Prinzip der CT-Untersuchung
Was ist Computertomographie (CT)?
Die Computertomographie (CT), oft auch als CT-Scan oder CAT-Scan bezeichnet, ist ein fortschrittliches diagnostisches Bildgebungsverfahren, das spezielle Röntgengeräte in Kombination mit hochmodernen Computern verwendet, um detaillierte Querschnittsbilder ("Schichten") des Körpers zu erstellen. Sie erstellt im Wesentlichen ein virtuelles Modell der inneren Strukturen, basierend darauf, wie verschiedene Gewebe Röntgenstrahlen absorbieren, die aus mehreren Winkeln durch sie hindurchgeleitet werden.
Die CT-Untersuchung bietet viel mehr Details als herkömmliche Röntgenaufnahmen, insbesondere bei Weichteilen, Blutgefäßen und komplexen Knochenstrukturen. Moderne CT-Scanner, insbesondere die Mehrzeilen-CT (MSCT), sind unglaublich schnell und können Gewebe mit sehr feinen Dichteunterschieden (bis zu 0,1 %) unterscheiden. Die hohe diagnostische Genauigkeit macht die CT in vielen medizinischen Bereichen von unschätzbarem Wert.
Der Begriff "Computer" unterstreicht die wesentliche Rolle der leistungsstarken Computerverarbeitung bei der Rekonstruktion der endgültigen Bilder aus den vom Scanner gesammelten Röntgen-Rohdaten.

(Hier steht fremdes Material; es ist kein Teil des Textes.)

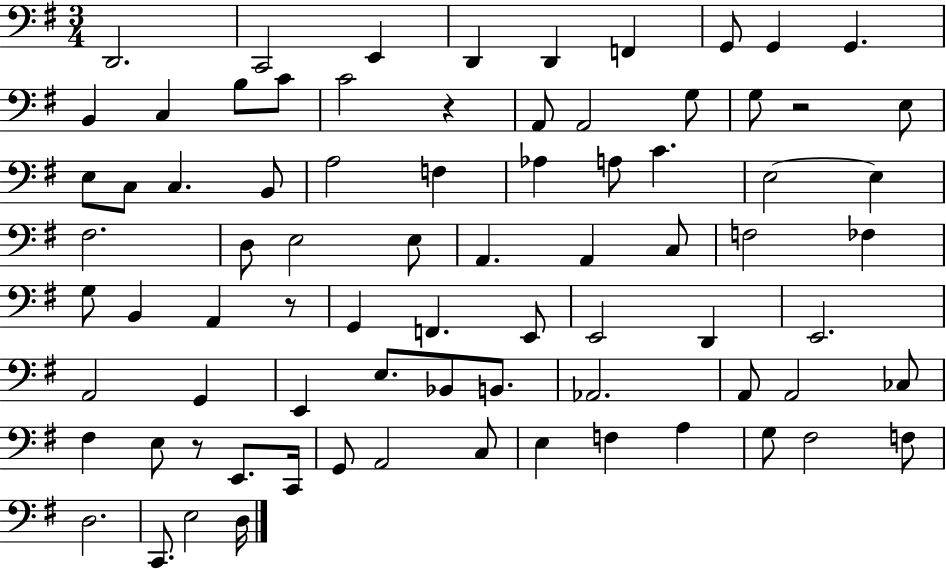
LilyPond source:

{
  \clef bass
  \numericTimeSignature
  \time 3/4
  \key g \major
  \repeat volta 2 { d,2. | c,2 e,4 | d,4 d,4 f,4 | g,8 g,4 g,4. | \break b,4 c4 b8 c'8 | c'2 r4 | a,8 a,2 g8 | g8 r2 e8 | \break e8 c8 c4. b,8 | a2 f4 | aes4 a8 c'4. | e2~~ e4 | \break fis2. | d8 e2 e8 | a,4. a,4 c8 | f2 fes4 | \break g8 b,4 a,4 r8 | g,4 f,4. e,8 | e,2 d,4 | e,2. | \break a,2 g,4 | e,4 e8. bes,8 b,8. | aes,2. | a,8 a,2 ces8 | \break fis4 e8 r8 e,8. c,16 | g,8 a,2 c8 | e4 f4 a4 | g8 fis2 f8 | \break d2. | c,8. e2 d16 | } \bar "|."
}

Wie funktioniert die CT? (Technik)
Während eines CT-Scans liegt der Patient auf einem motorisierten Tisch, der sich durch die Mitte eines großen, ringförmigen Geräts, der sogenannten Gantry, bewegt. Innerhalb der Gantry rotiert eine Röntgenröhre schnell um den Patienten und sendet schmale Röntgenstrahlen durch den zu untersuchenden Körperabschnitt.

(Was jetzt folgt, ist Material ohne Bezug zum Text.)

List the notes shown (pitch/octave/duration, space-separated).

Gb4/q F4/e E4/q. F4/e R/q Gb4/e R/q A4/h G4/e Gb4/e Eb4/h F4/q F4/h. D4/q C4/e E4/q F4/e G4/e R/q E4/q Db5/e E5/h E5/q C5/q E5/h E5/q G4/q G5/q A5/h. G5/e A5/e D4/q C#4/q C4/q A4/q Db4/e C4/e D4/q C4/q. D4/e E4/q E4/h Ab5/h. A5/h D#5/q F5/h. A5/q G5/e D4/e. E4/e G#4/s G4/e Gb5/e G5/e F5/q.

Gegenüber der Röntgenröhre misst eine Anordnung elektronischer Detektoren die Menge an Röntgenstrahlung, die durch verschiedene Gewebe dringt. Gewebe mit höherer Dichte (wie Knochen) absorbieren mehr Strahlung, während weniger dichte Gewebe (wie Luft oder Fett) mehr durchlassen.
Dieser Vorgang wird aus vielen verschiedenen Winkeln wiederholt, während sich die Röhre dreht und der Tisch sich bewegt. Der Computer verarbeitet dann die riesige Datenmenge, die von den Detektoren gesammelt wurde, und verwendet komplexe mathematische Algorithmen (Rekonstruktionsalgorithmen), um Querschnittsbilder (Schichten) zu erzeugen, die die innere Anatomie darstellen. Diese Schichten können einzeln auf einem Monitor betrachtet, auf Film gedruckt oder weiterverarbeitet werden.
Moderne Spiral- oder Mehrzeilen-CT-Scanner (MSCT) erfassen Daten kontinuierlich, während sich der Tisch durch die Gantry bewegt, was ein sehr schnelles Scannen großer Körperregionen ermöglicht. Diese Geschwindigkeit minimiert Bewegungsartefakte und ermöglicht fortschrittliche Anwendungen wie die CT-Angiographie. Das erfasste Daten-"Volumen" ermöglicht es dem Computer, Bilder in jeder Ebene (axial, koronal, sagittal) zu rekonstruieren oder detaillierte dreidimensionale (3D) Modelle von Organen, Knochen und Blutgefäßen zu erstellen.
Der gesamte Bildgebungsprozess für ein bestimmtes Körperteil dauert in der Regel nur wenige Minuten, wobei der eigentliche Scanvorgang bei modernen MSCT-Scannern oft weniger als eine Minute dauert.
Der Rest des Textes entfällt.